A week or so later, when completing the USPS insurance claim form, I note instructions on the back provide directions for mailing-- fortunate for the population I was concerned about which includes a considerable number of our older population. I know we’ll all eventually be “connected” but there should be some provision for those who aren’t in the meantime – and having to do so, they shouldn’t be made to feel “lesser than” for asking. Also, computers die – power goes out – what then?
Reminds me -- I love it when I phone my provider’s tech support number and get a recording instructing me to solve my problem on the internet -- “I can’t – I’ve lost the Internet connection! That’s why I’m calling!!”
My final effort before mailing involves a trip to an office supply store to use their copy machine. This results in a quite unbelievable complication – even sounds like “the dog ate my homework” excuse. That disappearing, then reappearing insurance receipt went to extremes this time. Placing all the paperwork on the top of the copy machine while I select purchase receipts to copy, suddenly the insurance receipt flutters away – downward -- landing on edge -- slipping into a hairline wide separation between the wall and the eight inch high baseboard – lingering briefly with one corner protruding before sliding away into some mysterious dimension before I could retrieve it.

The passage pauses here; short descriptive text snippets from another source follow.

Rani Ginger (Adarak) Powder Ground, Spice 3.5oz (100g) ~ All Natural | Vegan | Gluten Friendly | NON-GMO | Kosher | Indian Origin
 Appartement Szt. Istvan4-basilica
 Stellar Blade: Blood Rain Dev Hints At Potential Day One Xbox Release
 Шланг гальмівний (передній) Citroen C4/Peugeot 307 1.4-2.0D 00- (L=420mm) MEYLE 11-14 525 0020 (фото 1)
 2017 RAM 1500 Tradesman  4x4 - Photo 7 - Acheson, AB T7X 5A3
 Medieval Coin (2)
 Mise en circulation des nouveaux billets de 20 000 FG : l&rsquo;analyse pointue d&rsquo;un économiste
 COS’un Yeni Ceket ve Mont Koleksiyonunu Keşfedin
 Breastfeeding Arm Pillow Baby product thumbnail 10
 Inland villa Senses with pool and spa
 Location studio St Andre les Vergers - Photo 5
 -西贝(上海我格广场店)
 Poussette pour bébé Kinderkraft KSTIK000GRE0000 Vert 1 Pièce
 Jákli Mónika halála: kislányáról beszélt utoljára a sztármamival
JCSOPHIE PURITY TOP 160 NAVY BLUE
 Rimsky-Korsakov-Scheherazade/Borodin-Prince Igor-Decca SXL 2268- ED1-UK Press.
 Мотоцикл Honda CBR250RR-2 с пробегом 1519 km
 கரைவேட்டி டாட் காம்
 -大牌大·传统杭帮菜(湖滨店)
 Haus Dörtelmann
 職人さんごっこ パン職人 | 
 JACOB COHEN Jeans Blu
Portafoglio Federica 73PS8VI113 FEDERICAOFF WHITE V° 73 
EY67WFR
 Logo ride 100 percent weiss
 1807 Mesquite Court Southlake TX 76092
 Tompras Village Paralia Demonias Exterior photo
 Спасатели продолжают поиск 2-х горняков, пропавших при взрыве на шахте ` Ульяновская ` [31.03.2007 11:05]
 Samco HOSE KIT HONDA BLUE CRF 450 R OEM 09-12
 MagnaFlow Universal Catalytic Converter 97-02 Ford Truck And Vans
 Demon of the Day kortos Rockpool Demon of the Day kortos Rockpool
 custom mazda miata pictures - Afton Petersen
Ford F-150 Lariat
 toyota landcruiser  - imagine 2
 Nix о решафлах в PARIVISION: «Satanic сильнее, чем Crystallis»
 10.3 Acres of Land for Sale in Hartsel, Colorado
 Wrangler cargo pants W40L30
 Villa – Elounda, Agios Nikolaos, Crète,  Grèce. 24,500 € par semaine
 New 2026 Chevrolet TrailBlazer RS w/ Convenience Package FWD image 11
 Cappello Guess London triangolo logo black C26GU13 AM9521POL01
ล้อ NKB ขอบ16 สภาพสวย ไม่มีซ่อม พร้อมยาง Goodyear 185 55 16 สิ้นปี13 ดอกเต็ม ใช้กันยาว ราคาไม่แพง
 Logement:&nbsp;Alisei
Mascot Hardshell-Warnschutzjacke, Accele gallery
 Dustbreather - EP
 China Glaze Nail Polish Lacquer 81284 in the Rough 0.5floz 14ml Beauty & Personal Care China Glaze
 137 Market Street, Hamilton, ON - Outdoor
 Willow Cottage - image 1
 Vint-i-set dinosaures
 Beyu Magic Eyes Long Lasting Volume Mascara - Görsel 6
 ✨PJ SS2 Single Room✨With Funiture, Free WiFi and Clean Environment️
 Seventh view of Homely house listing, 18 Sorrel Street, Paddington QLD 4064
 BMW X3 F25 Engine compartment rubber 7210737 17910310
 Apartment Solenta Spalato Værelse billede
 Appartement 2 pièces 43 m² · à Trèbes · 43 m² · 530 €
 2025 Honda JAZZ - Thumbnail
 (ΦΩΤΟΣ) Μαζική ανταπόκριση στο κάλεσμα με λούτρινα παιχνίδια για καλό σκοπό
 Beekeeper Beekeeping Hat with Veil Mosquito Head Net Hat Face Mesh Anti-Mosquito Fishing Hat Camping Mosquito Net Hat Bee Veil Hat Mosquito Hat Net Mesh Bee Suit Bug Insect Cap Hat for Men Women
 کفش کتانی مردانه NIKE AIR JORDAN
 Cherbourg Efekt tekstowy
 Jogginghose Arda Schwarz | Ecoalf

Two different store clerks came to explore some possible rescue, but squinty-eye peering into the abyss through that sliver-of-an-opening evidences no sign of the white paper receipt. Copying the rest of my documents, I am reconciled to sending what I have, in the hopes the postal service authorities will find the data sufficient to refund my gift cards value.
The good news is I had been able to arrange for the largest card amounts to be reimbursed. I earlier phoned each of the four businesses to verify a second time the cards had not been redeemed, then requested they be voided and the amount be reissued in some manner so I wouldn’t have to bother with the insurance. Two businesses, a restaurant and a coffee house), accommodated my request, but I had them send ecards as replacements.
The movie theater had no mechanism for handling such a process for the card purchased at my supermarket – though that’s where the others had been bought and activated also. The other card from a popular universal pizza company has a disclaimer in the small print I was told -- “cards lost, stolen, damaged, destroyed or used without your permission will not be replaced nor their funds".
So, the latter two smaller amounts, plus my postage are what I will be expecting the USPS to reimburse. What I have learned will influence the type card purchases I might make in the future – also, whether or not I would want to send any of these cards through the mail which, as I knew is just like putting cash in the envelope.
I wonder about others experiences with gift cards, if they ever mail them, and if any delivery, redemption or replacement issues?